Donald Trump puts two “politicians” in control of coronavirus information in the United States

They have no experience in public health. However, they oversee the director of the Centers for Disease Control and Prevention (CDC) in Atlanta.

The White House placed two political agents in the main health agency to try to control the information it disseminates about the coronavirus pandemic, while the government of Donald Trump seeks to offer a positive outlook often faced with scientific evidence.

The two people assigned to headquarters the Centers for Disease Control and Prevention (CDC) in Atlanta in June they have no experience in public health. They received the task of look out Dr. Robert Redfield, the agency’s director, as well as scientists, according to a half-dozen CDC and government officials who spoke to The Associated Press on condition of anonymity to discuss internal matters.

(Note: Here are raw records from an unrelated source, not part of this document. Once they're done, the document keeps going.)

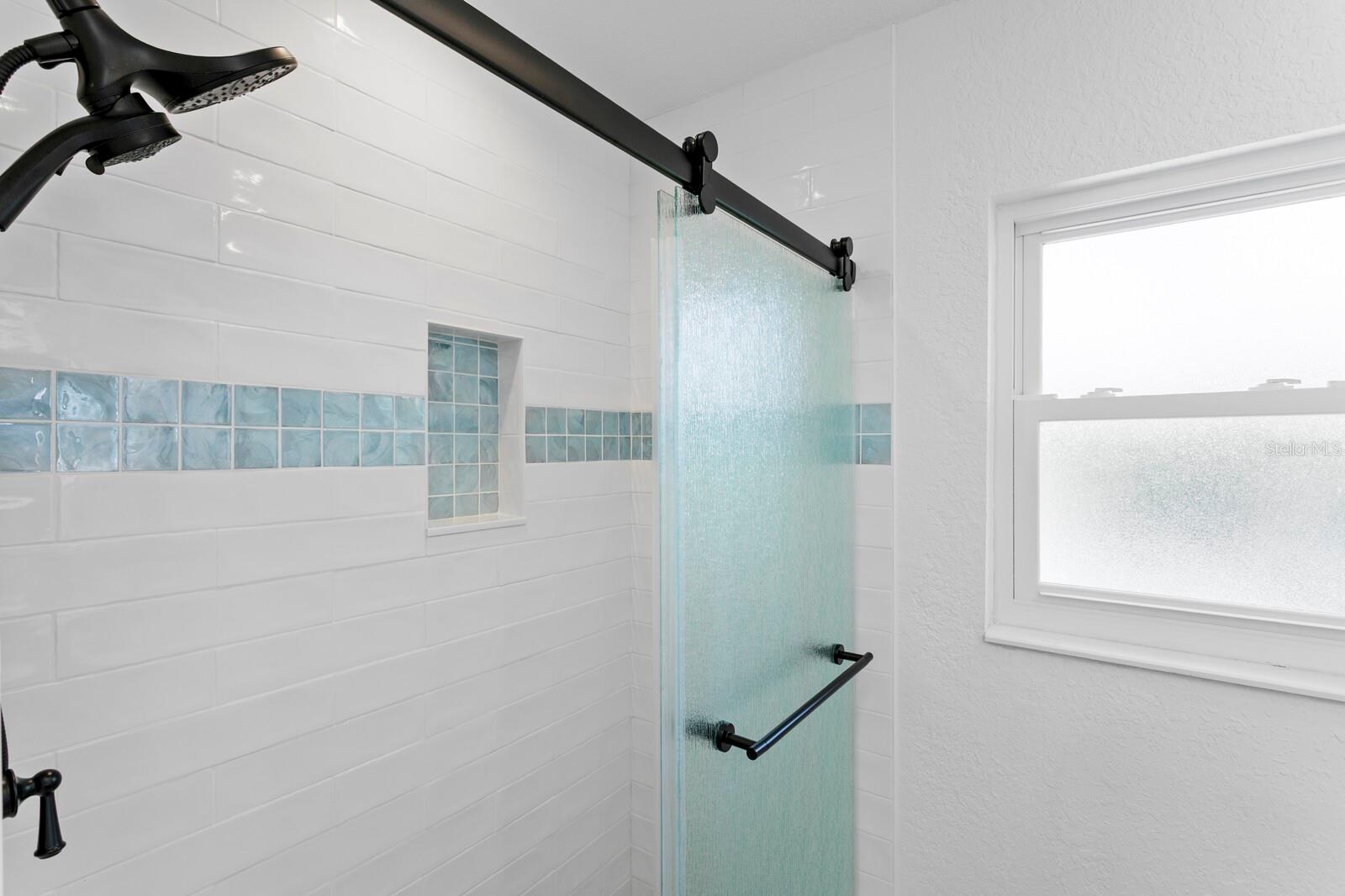 Image 21 of 47 For 17735 1st Street E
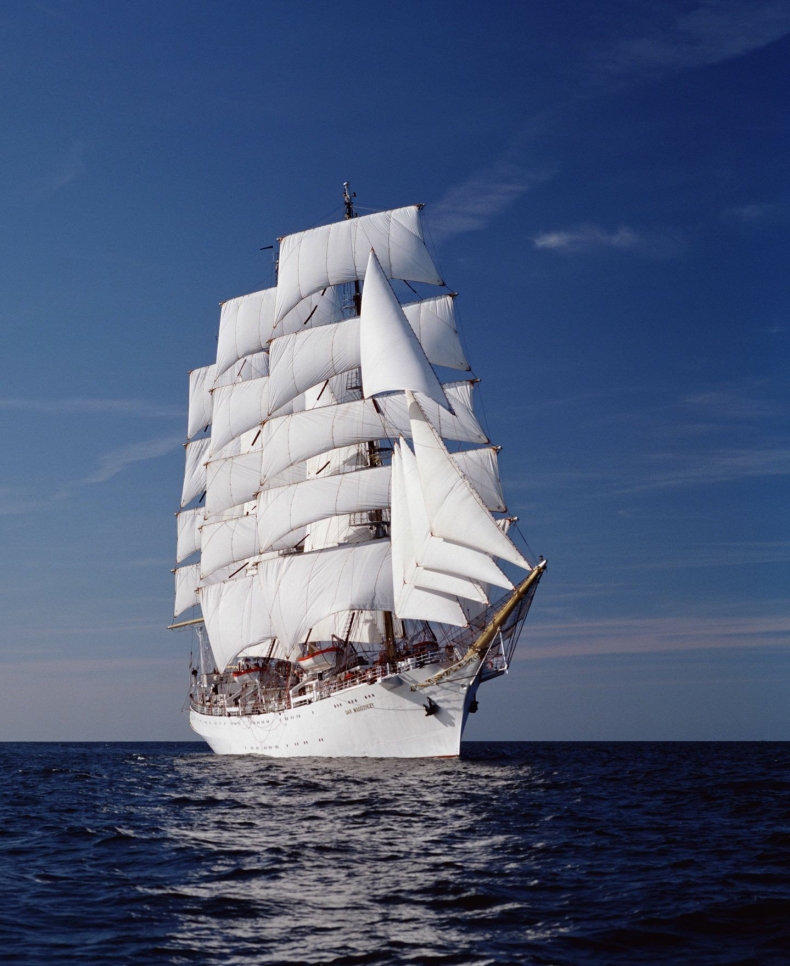 Dar Młodzieży na urodzinach hamburskiego portu - GospodarkaMorska.pl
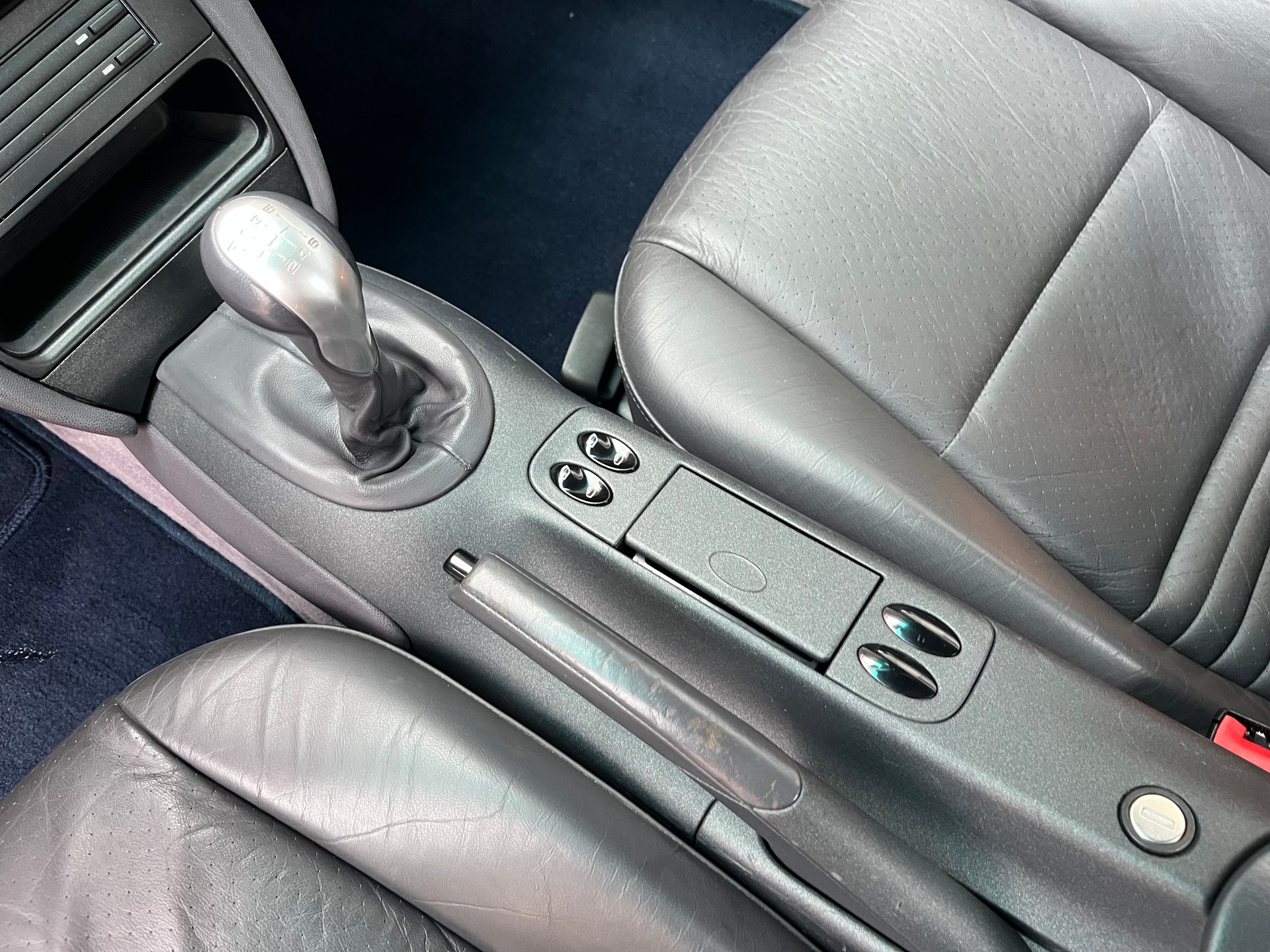 PORSCHE Carrera 2-image-12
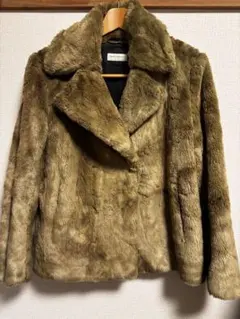 2025年最新】DRIES VAN NOTEN レディース 毛皮・ファーコートの人気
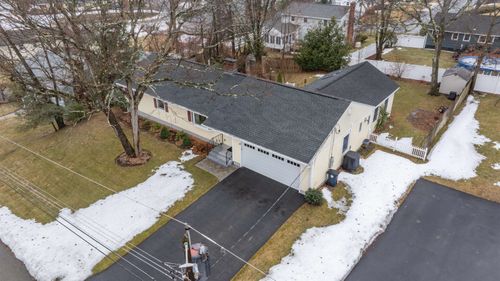 9 Rugby Rd, Nashua, NH, 03063-2203 | Card Image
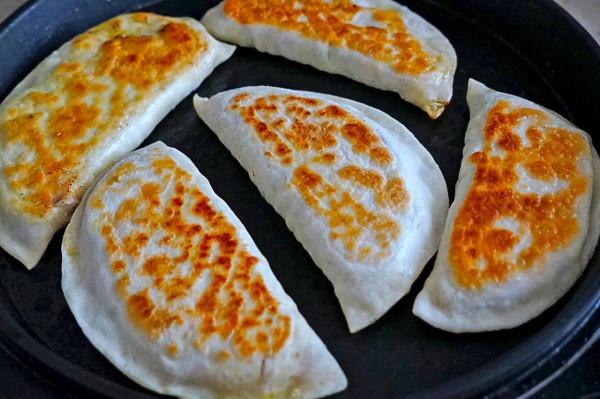 天冷了，盒子包這餡比韭菜盒子還要好吃，學會了自己在家就能做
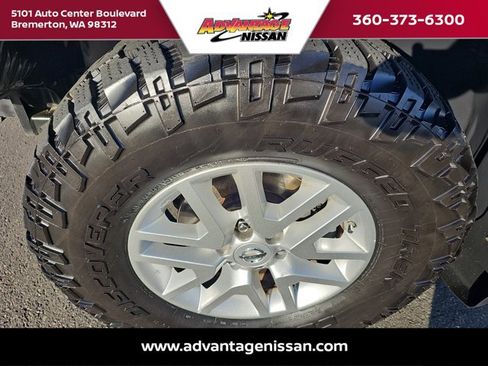 Used 2016 Nissan Frontier SV image 21
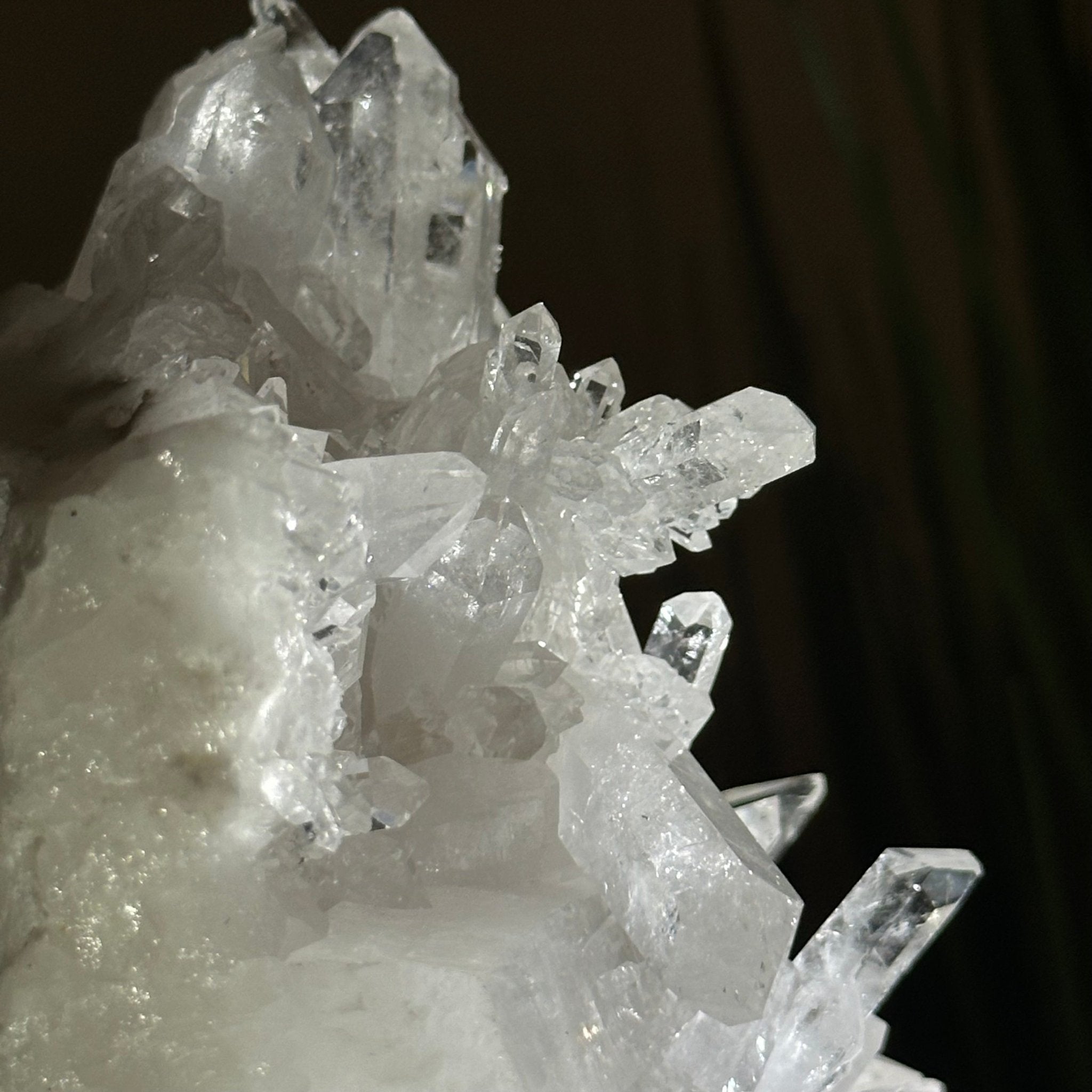 Super Quality Clear Quartz Cluster, Metal Stand, 3.5 lbs & 8.2" Tall 5495 - 0084 - Brazil GemsBrazil GemsSuper Quality Clear Quartz Cluster, Metal Stand, 3.5 lbs & 8.2" Tall 5495 - 0084Clusters on Fixed Bases5495 - 0084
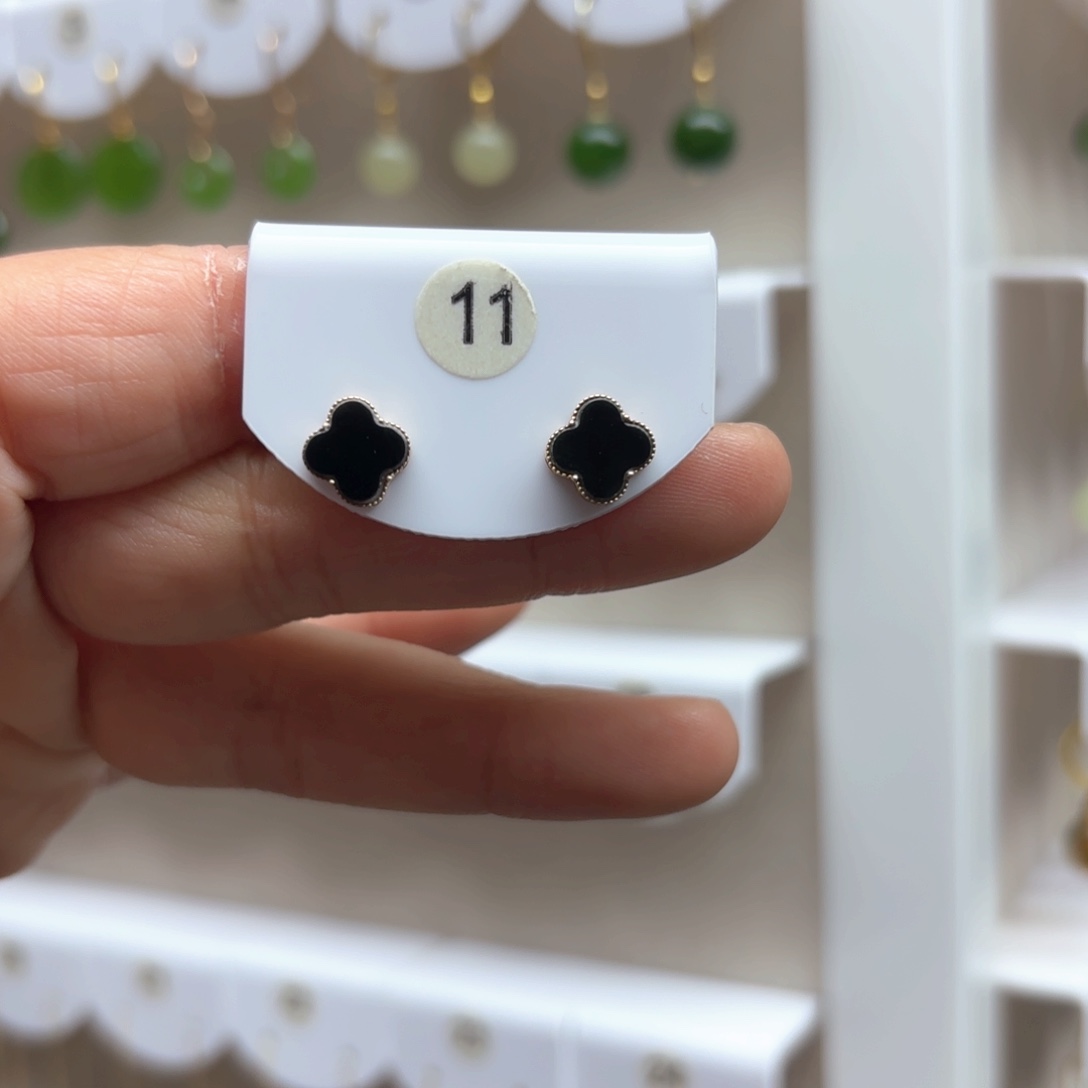 和田玉耳饰18K金镶嵌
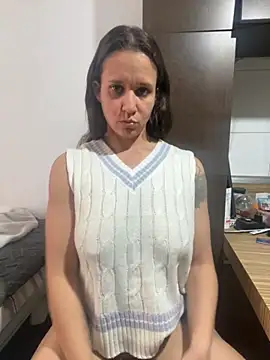 hotcookie28 online show from 11-08-25, 08:51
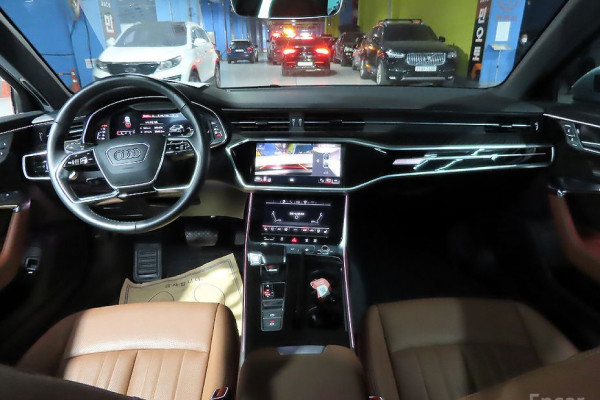 2022 Audi A6 с пробегом 17 000 км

The appointments were part of an effort to introduce more “politicians” into the CDC to help control its message after a handful of leaks, a government official said.

When the two people showed up in Atlanta, their duties were a mystery for the agency’s senior staff, the sources added. They didn’t even have assigned offices. Finally, Nina Witkofsky she became acting chief of staff, an influential position as Redfield’s right-hand man. The other, his deputy Trey Moeller, began attending scientific meetings, they added.

It is unclear to what extent these two individuals have affected the agency’s work, according to interviews with various CDC officials. But congressional investigators are examining that very question after accumulating evidence of political interference in CDC scientific publications, guideline documents, and online publications.

The White House declined to comment. A CDC spokesperson confirmed that Witkofsky and Moeller were working at the agency reporting Redfield, but had no further comment.

In an email to the AP, Moeller noted that “I work for Dr. Redfield, who is 100% committed to science and the thousands of incredibly dedicated CDC employees.”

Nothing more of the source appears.